WORK ITEM: Without the pictures, print each of the records below exactly as it appears.

(Captioned web image data)
• • •

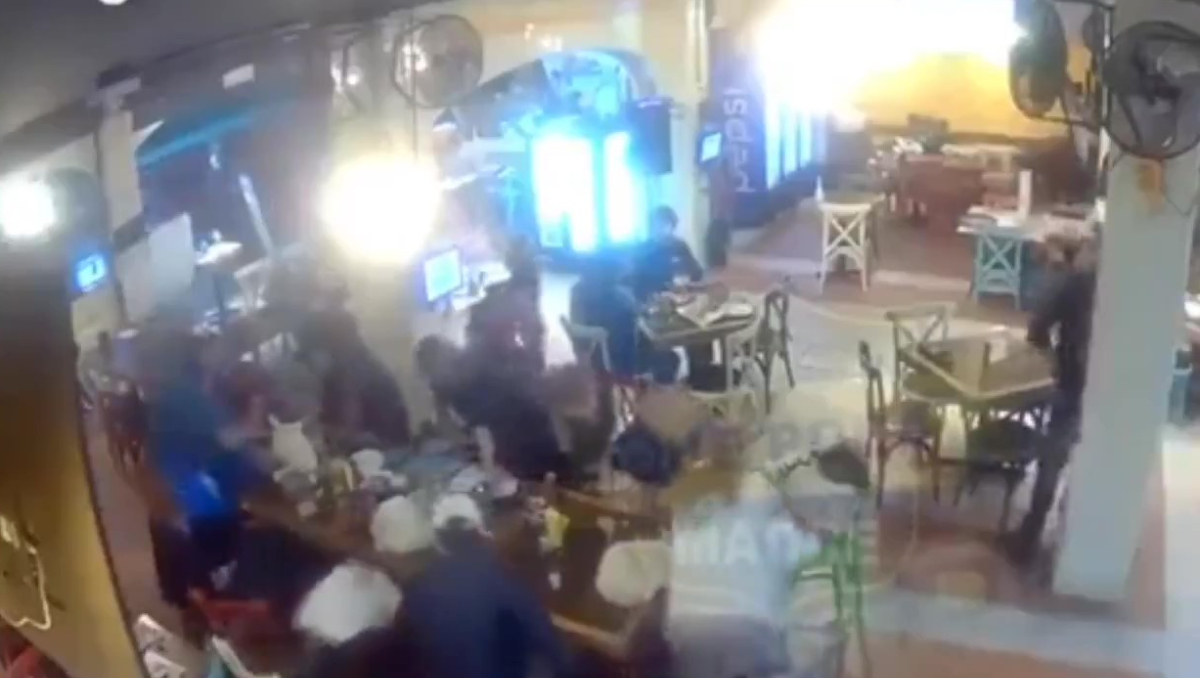 El robo del restaurante "El Carnal" fue captado por las cámaras de vigilancia. | Especial
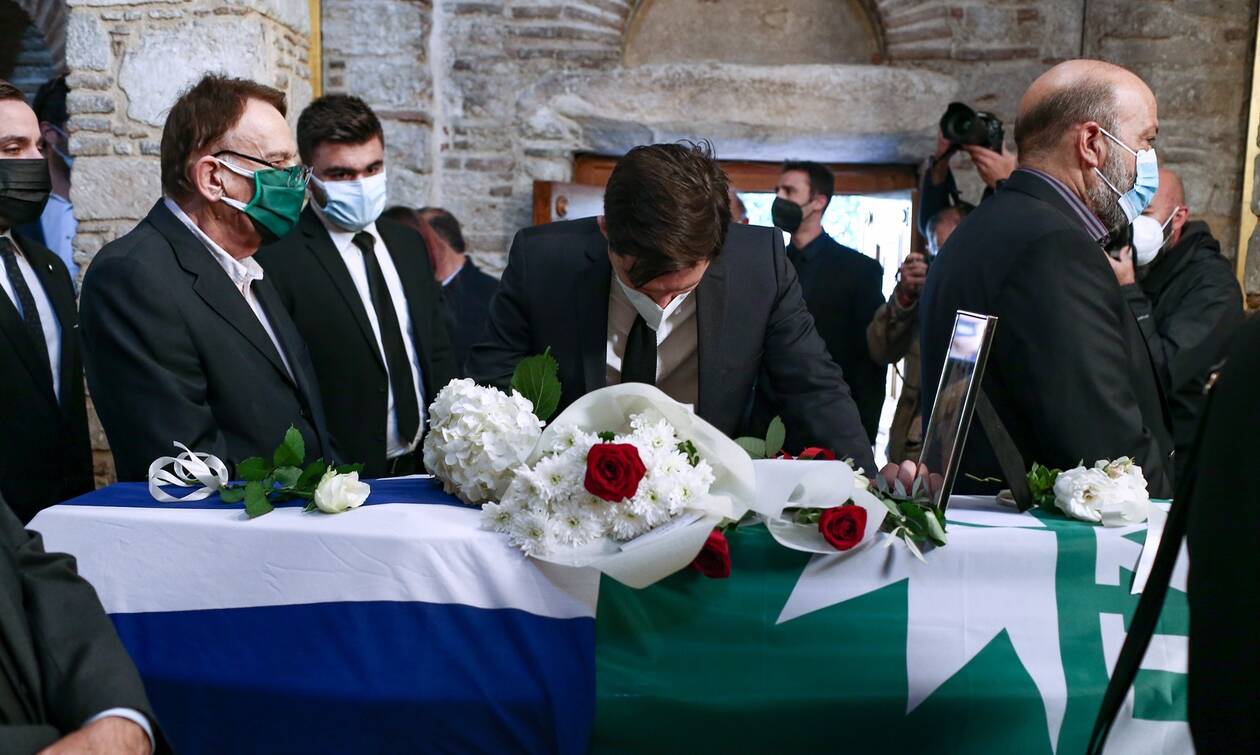 Κηδεία Φώφης Γεννηματά: Απαρηγόρητος ο Παύλος Χρηστίδης, λύγισε πάνω από το φέρετρο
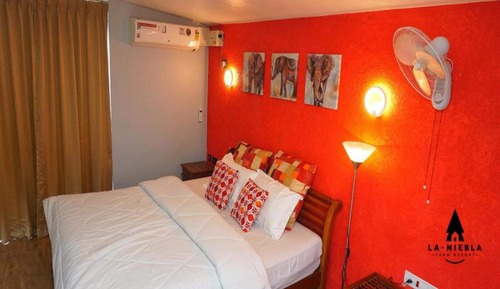 Chambre Double, vue montagne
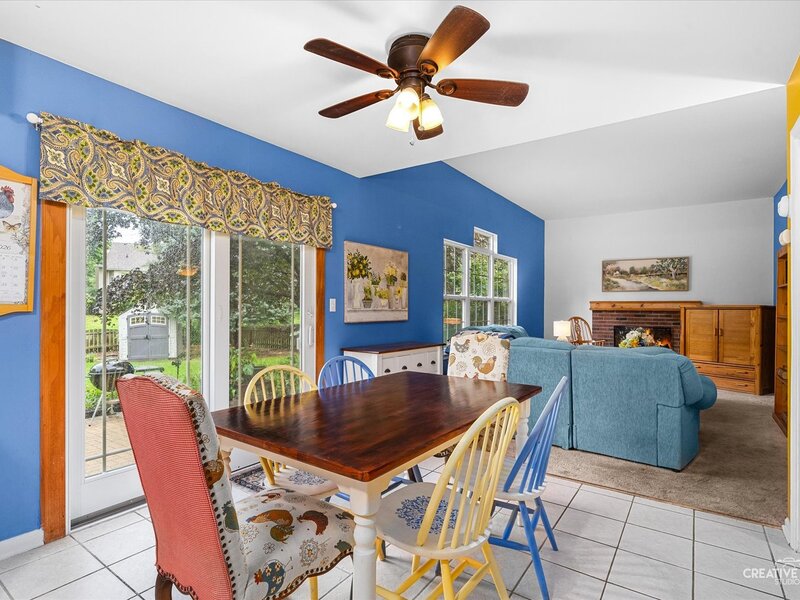 203 Parkside Lane Oswego IL 60543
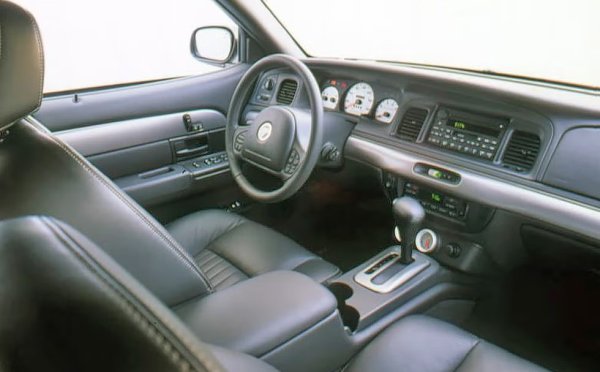 Колата наистина е спорна, но не трябва да се забравя, че когато Marauder е пуснат през 2003 г., той е проектиран в най-добрите американски традиции - пълноразмерен седан с V8, задвижване на задните колела и рамна конструкцияа! Архитектурата на автомобила от златната ера на muscle-cars беше пренесена в чисто новия Mercury, който издържа само две моделни години на поточната линия. В края на краищата, това е рядък и последен по рода си модел &ndash; добре поддържаните екземпляри вероятно си заслужават да бъдат разгледани по-отблизо.
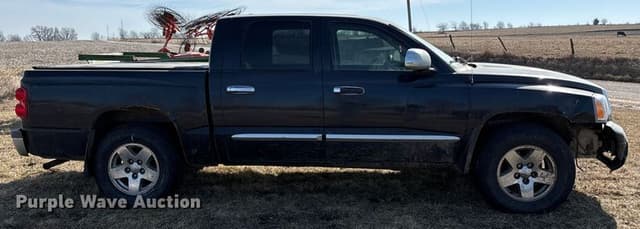Image of Dodge Dakota equipment image 3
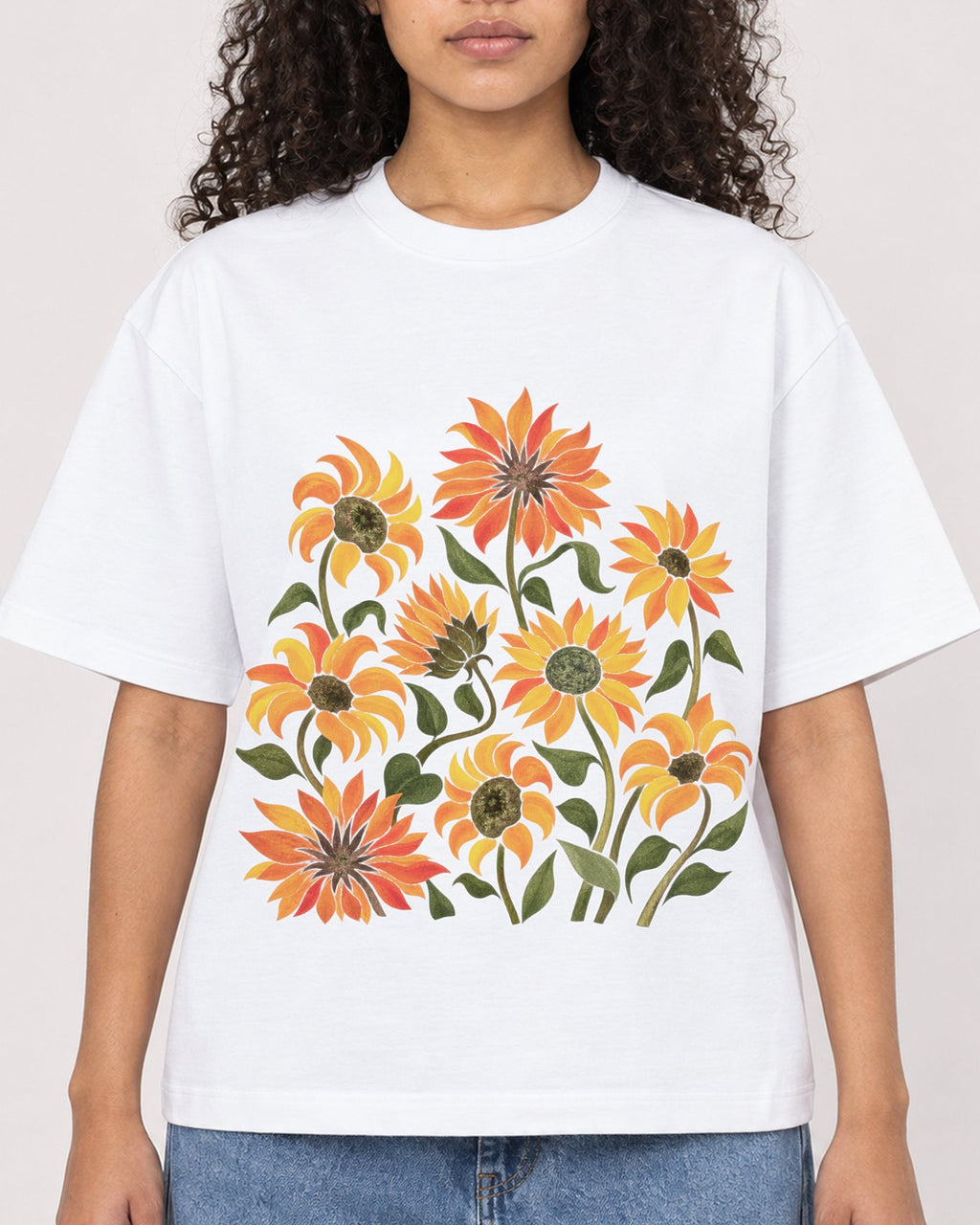 Mockup Boxy Heavyweight Tee White female close-up 10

• • •

SOLUTION:
 El robo del restaurante "El Carnal" fue captado por las cámaras de vigilancia. | Especial
 Κηδεία Φώφης Γεννηματά: Απαρηγόρητος ο Παύλος Χρηστίδης, λύγισε πάνω από το φέρετρο
 Chambre Double, vue montagne
 203 Parkside Lane Oswego IL 60543
 Колата наистина е спорна, но не трябва да се забравя, че когато Marauder е пуснат през 2003 г., той е проектиран в най-добрите американски традиции - пълноразмерен седан с V8, задвижване на задните колела и рамна конструкцияа! Архитектурата на автомобила от златната ера на muscle-cars беше пренесена в чисто новия Mercury, който издържа само две моделни години на поточната линия. В края на краищата, това е рядък и последен по рода си модел &ndash; добре поддържаните екземпляри вероятно си заслужават да бъдат разгледани по-отблизо.
Image of Dodge Dakota equipment image 3
 Mockup Boxy Heavyweight Tee White female close-up 10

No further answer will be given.